飛び出したディジアさんが、鉄パイプで思い切り殴ったのだ。
「えー……ちょっとそれどこから持ってきたんですか」
「落ちていました」
「いやー、でも……ええー……」
ディジアさんが乱暴になってしまった。
あとで注意しておこうと思う。
「とりあえず全員回収します。話を聞いたあと、憲兵隊に引き渡しましょう」
「始末しないのですか?」
始末!?
しません。そのようなことは。
「しかし……なんなんだ、いったい」
俺に【神格】の場所を聞いてきた。
誰で、なんのために、ギルドまで来たのか。
「ウチに来たってことは……」
こうなるとみんなが心配だ。
男たちを回収し、すぐに戻る。
★★★★★★
急いでギルドに帰ると、みんな揃っていた。
「いま戻りました」
「おかえり。二人ともどうしたのよ、鍵もかけずに」
「声かけてから部屋に戻ろうとしたんだけど、いないしー」
突然のことだったので、戸締りできなかった。
「もしかしてなにかあったのかい?」
「殴り込み?」
アリステラ、物騒だな。
でもあってる。
「正体不明の男たちがここを襲撃してきたんだ」
「えっ!?」
「嘘! ほんと?」
「どういうこと?」
「ああ、でも逆に気の毒さねえ」
「まあ……そうよね。

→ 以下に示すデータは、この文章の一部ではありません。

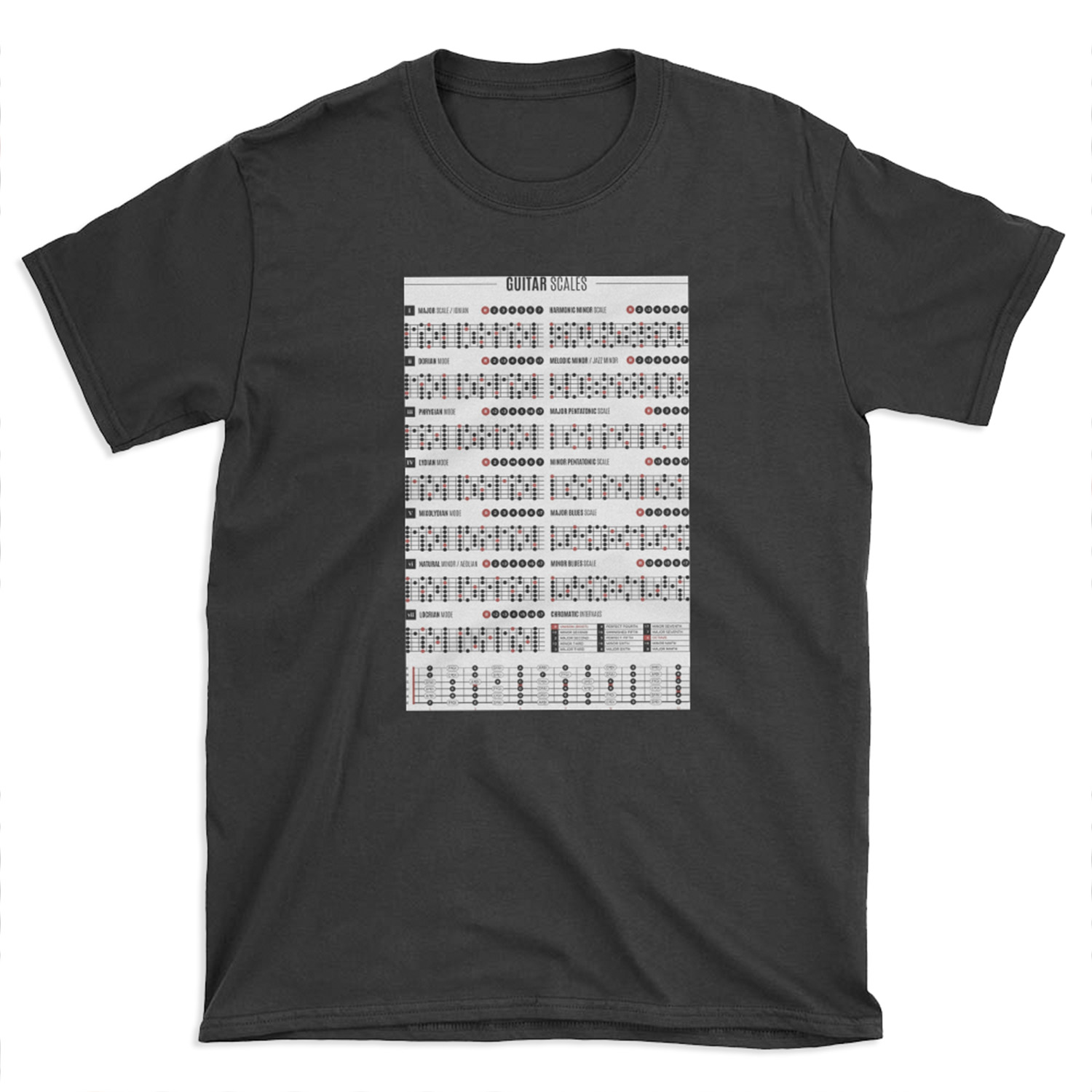 Guitar Scales & Modes Chart T-shirt Tee
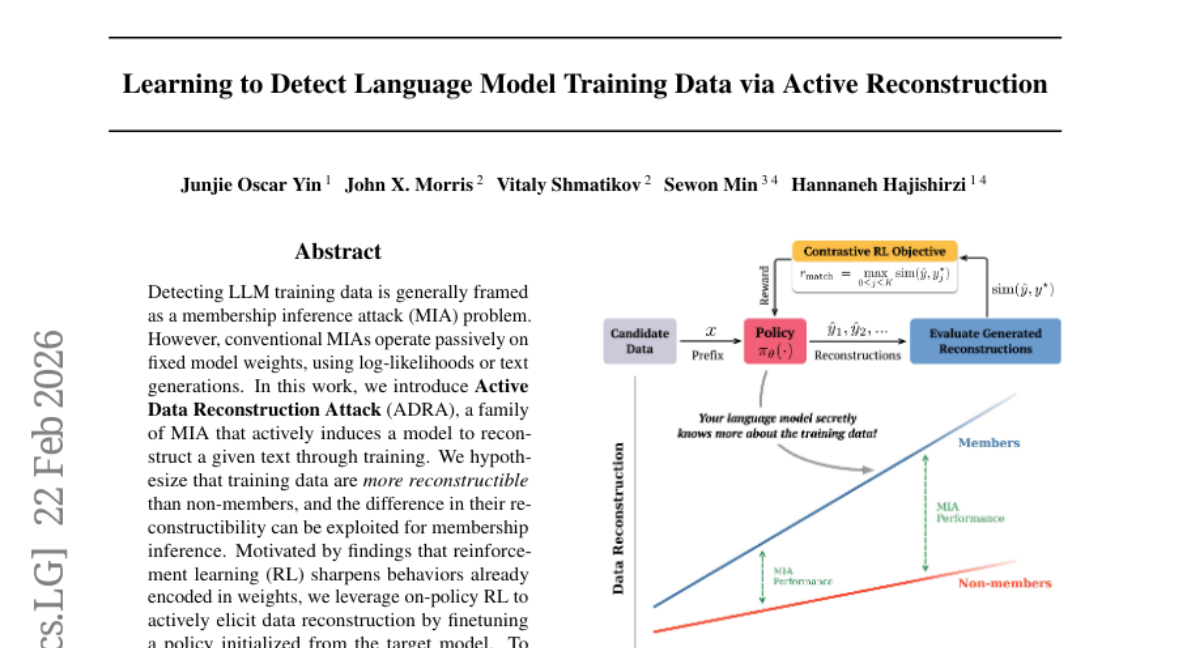 华盛顿大学等联合研究：AI模型竟能被"调教"泄露训练数据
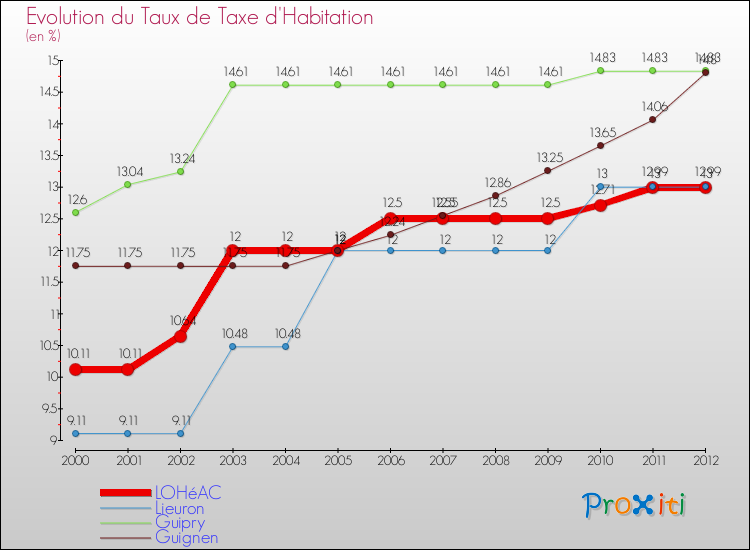 Evolution du taux de la taxe d'habitation pour LOHéAC et les communes proches Comparaison des taux de la taxe d'habitation pour LOHéAC et les communes voisines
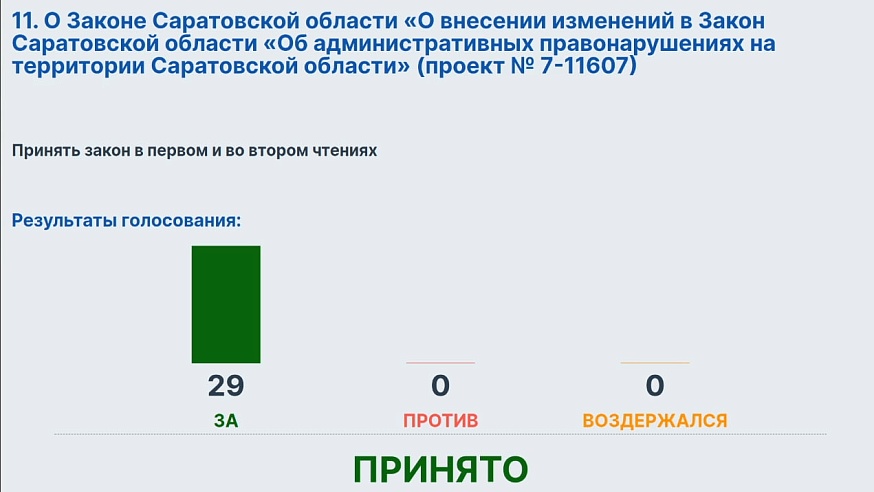 Саратовцев оштрафуют за раскрытие военной тактики и мест расположения ПВО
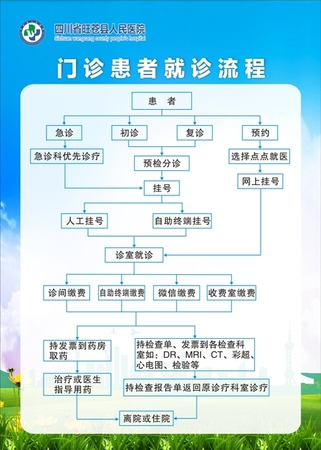 旺苍县人民门诊患者就诊流程.jpg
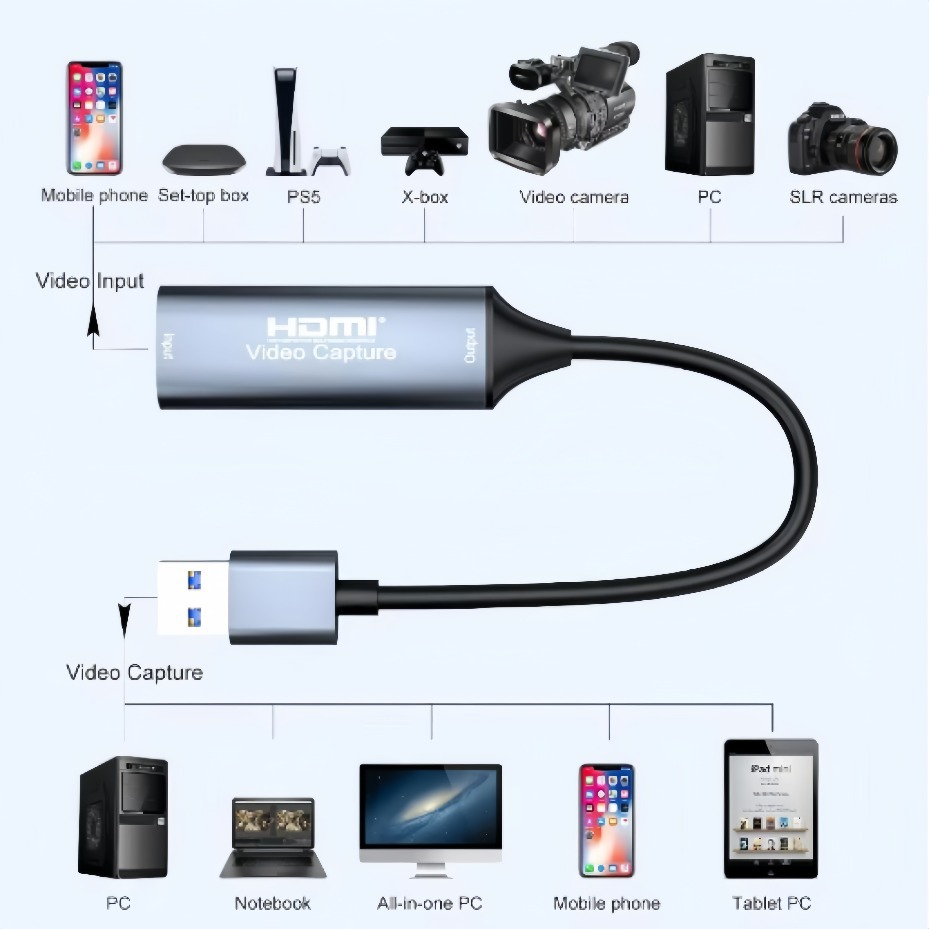 USB-C 2.0/3.0 HDMIビデオキャプチャカードは - Pc Gaming Game のレビューと価格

いたのがわたしじゃなくシントだもの」
「愚か」
「一番やっちゃいけないよね、それ」
相手が気の毒って、俺をなんだと思っているんだ。
「とりあえず捕らえたので、話を聞こうかと」
≪次元ノ断裂≫を使用し、入れておいた男の一人をにゅるりと出した。
「なにこの人……死んでるんじゃないの」
「ぐでーっとしてるよ?」
「死んでない死んでない。黒幕とか、襲って来た理由を知りたいんだけど」
そう言ったところで、アリステラ、ラナ、カサンドラが立ち上がる。
「出番、来た」
「わたしたちに任せて」
「なにもかも吐かせるさ」
え、だいじょうぶかな。
自信満々なところがそこはかとなく不安を感じる。